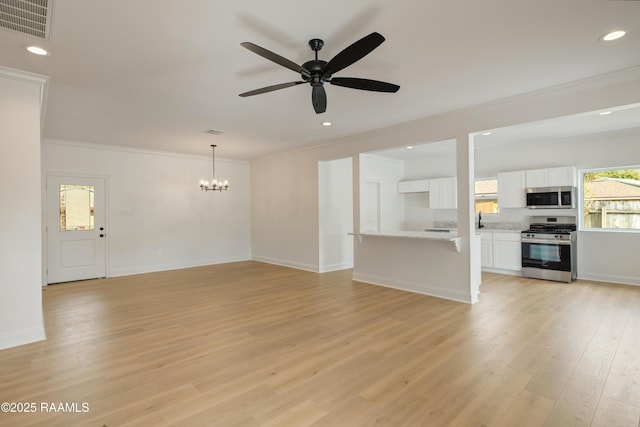 unfurnished living room featuring sink, ceiling fan with notable chandelier, light hardwood / wood-style flooring, and ornamental molding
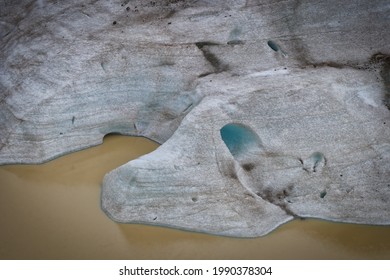 The shapes of the glacier reveal rounded lines zebra with volcanic ash. A cave illuminated by the blue of the ice might suggest that a Troll has taken up residence there. The brown waters of the glaci
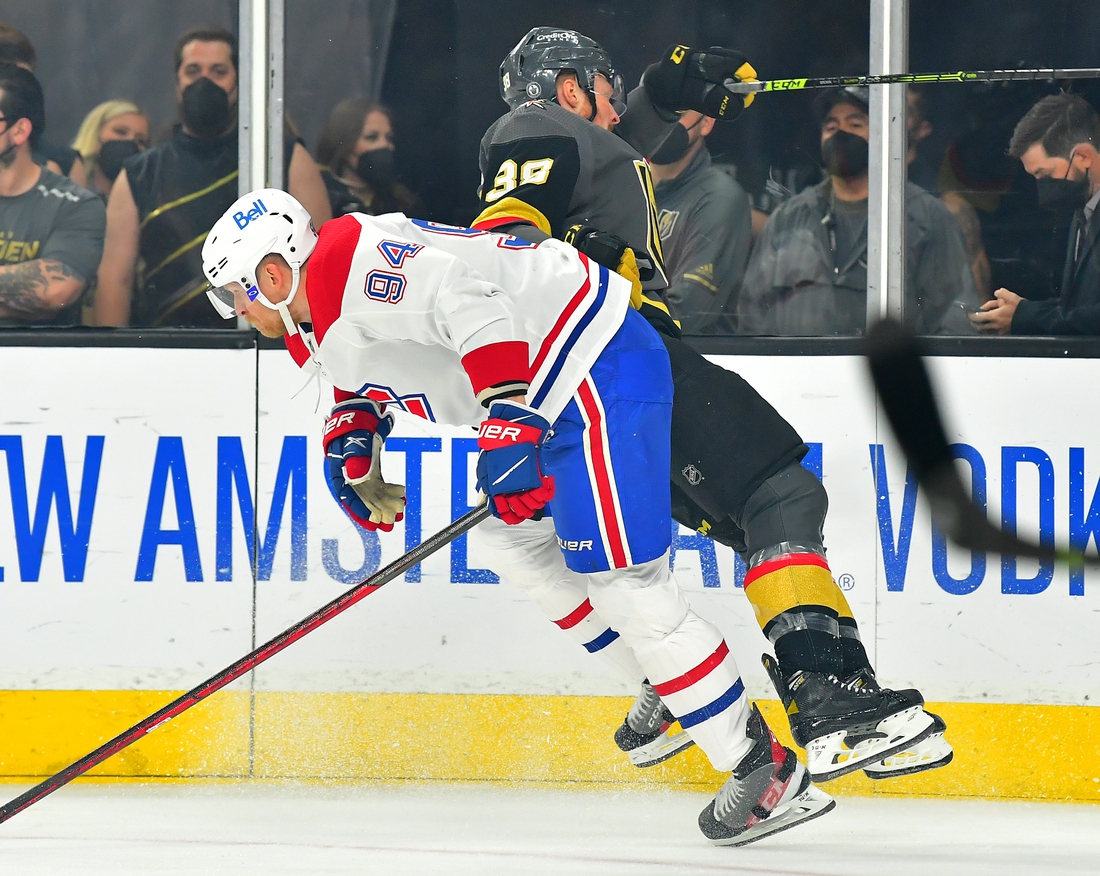 Jun 16, 2021; Las Vegas, Nevada, USA; Montreal Canadiens right wing Corey Perry (94) hip checks Vegas Golden Knights center Patrick Brown (38) during the first period of game two of the 2021 Stanley Cup Semifinals at T-Mobile Arena. Mandatory Credit: Stephen R. Sylvanie-USA TODAY Sports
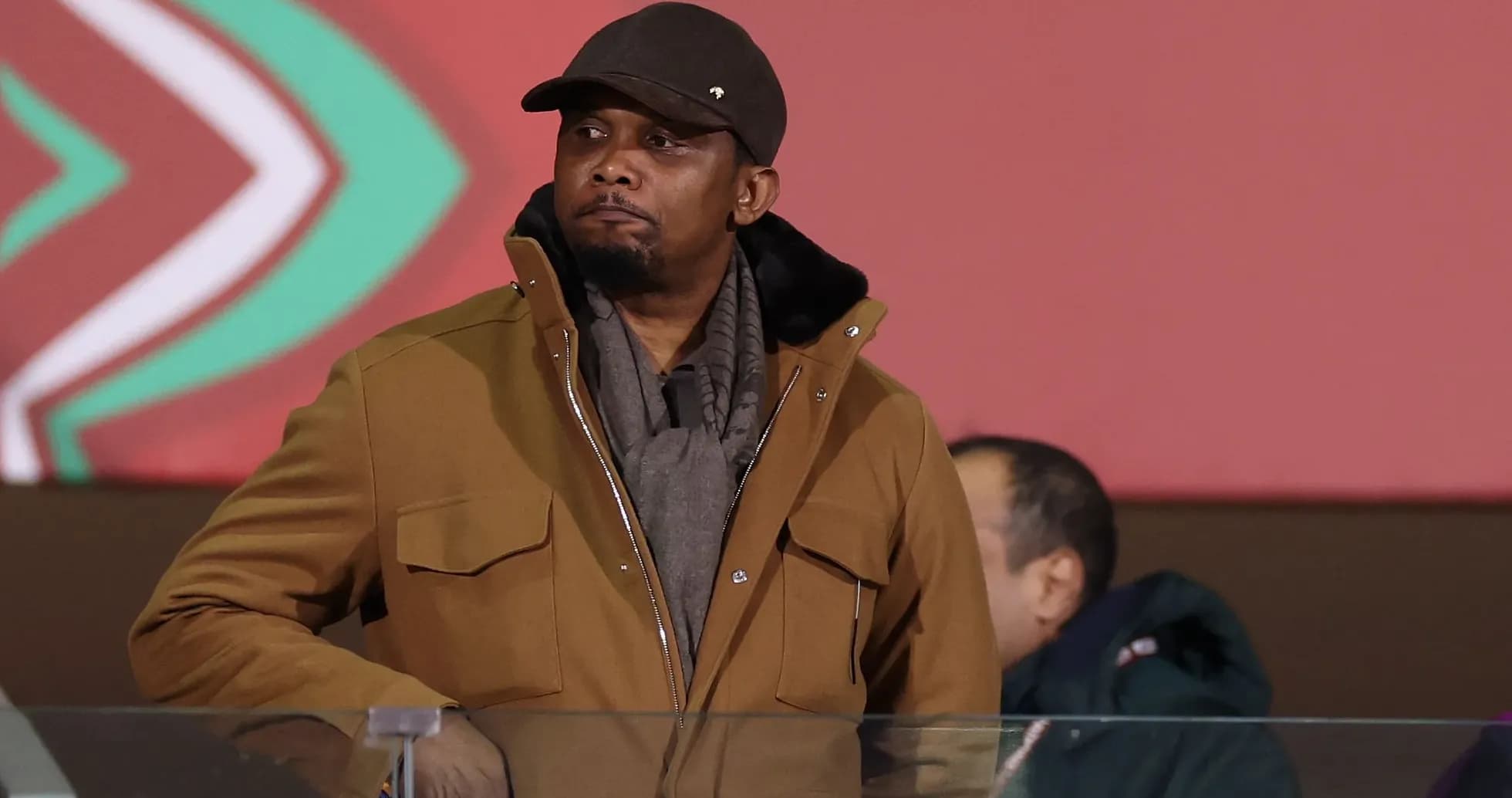 Man in brown coat observing from a stand Man in brown coat observing from a stand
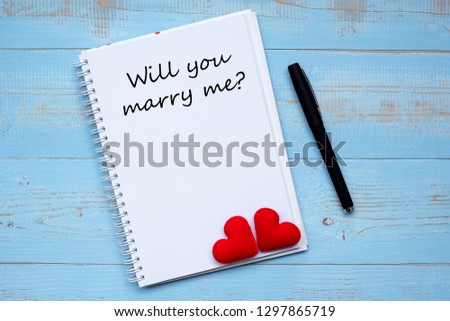 YOU WILL MARRY ME? word on notebook and pen with couple red heart shape decoration on blue wooden table background. Wedding, Romantic and Valentine’ s day concept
____
◆ Your goal ◆
From the first line of the entries above down to the line holding "The shapes of", quote each line exactly and nothing else, skipping pictures.

◆ Answer ◆
 unfurnished living room featuring sink, ceiling fan with notable chandelier, light hardwood / wood-style flooring, and ornamental molding
 The shapes of the glacier reveal rounded lines zebra with volcanic ash. A cave illuminated by the blue of the ice might suggest that a Troll has taken up residence there. The brown waters of the glaci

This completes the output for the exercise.